▶ Work to be completed
The records sit below. Return every line in them that holds the word "windows".

----------

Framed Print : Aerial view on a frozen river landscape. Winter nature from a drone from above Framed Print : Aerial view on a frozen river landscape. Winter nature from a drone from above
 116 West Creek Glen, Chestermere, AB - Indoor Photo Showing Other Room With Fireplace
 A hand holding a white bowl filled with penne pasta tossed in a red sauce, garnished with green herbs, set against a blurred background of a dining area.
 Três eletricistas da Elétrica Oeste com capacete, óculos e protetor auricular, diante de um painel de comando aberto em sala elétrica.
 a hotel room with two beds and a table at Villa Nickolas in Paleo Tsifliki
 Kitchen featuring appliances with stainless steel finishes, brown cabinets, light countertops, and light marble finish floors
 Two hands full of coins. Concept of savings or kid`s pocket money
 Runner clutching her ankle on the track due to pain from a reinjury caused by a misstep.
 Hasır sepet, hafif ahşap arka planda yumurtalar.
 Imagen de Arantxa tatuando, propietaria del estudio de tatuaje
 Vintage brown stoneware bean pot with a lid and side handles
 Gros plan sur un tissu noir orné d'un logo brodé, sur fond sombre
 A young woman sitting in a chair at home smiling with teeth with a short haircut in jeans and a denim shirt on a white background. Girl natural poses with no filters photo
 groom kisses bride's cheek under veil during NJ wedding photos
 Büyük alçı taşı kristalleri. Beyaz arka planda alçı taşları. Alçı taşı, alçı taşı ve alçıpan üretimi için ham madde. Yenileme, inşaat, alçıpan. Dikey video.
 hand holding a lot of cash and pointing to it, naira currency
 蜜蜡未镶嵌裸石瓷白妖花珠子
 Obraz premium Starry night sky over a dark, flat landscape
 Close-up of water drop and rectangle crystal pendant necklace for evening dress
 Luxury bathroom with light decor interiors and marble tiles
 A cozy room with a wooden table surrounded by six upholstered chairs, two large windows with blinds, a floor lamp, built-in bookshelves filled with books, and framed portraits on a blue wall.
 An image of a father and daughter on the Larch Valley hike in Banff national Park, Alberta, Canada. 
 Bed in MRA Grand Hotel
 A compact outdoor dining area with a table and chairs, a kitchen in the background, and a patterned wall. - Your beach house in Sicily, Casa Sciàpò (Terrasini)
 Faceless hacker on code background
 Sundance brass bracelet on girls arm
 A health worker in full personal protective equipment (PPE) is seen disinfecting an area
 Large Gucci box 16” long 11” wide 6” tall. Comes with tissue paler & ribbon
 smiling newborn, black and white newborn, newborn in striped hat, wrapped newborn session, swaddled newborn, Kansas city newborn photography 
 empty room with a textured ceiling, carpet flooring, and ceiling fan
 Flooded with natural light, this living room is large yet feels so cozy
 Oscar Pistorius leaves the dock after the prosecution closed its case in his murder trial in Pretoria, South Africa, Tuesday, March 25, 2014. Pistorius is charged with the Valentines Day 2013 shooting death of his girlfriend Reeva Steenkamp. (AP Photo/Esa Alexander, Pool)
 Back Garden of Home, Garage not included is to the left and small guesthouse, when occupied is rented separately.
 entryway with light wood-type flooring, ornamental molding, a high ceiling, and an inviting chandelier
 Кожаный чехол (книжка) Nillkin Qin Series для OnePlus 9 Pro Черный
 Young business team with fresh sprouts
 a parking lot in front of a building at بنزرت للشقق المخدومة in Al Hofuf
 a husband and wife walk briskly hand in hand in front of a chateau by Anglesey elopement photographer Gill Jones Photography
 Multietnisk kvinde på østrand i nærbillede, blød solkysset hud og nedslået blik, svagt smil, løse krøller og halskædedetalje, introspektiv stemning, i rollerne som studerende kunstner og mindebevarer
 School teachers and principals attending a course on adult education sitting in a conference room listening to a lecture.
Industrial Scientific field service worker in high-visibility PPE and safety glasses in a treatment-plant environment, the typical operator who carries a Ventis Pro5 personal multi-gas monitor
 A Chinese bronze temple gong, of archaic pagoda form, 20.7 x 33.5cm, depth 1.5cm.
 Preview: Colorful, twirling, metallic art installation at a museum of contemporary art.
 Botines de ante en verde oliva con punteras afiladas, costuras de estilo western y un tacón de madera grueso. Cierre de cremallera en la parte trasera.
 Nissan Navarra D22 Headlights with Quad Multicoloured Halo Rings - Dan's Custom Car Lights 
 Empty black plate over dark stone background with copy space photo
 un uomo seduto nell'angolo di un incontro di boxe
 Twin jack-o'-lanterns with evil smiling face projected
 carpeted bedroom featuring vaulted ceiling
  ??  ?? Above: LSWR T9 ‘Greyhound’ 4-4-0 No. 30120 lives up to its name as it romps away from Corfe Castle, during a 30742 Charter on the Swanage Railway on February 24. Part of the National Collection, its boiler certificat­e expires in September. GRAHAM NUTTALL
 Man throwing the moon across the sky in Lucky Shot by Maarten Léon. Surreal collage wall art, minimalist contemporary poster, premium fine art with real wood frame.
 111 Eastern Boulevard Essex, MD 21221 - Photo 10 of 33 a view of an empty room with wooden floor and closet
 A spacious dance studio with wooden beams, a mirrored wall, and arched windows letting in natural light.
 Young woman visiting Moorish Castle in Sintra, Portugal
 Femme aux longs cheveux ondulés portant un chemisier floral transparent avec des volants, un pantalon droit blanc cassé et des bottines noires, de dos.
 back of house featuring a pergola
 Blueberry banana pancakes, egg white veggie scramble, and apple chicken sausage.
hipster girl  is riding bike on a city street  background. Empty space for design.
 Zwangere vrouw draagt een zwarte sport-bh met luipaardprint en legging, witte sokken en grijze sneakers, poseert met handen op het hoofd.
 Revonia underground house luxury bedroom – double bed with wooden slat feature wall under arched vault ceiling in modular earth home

----------

▶ Exercise answer
 A cozy room with a wooden table surrounded by six upholstered chairs, two large windows with blinds, a floor lamp, built-in bookshelves filled with books, and framed portraits on a blue wall.
 A spacious dance studio with wooden beams, a mirrored wall, and arched windows letting in natural light.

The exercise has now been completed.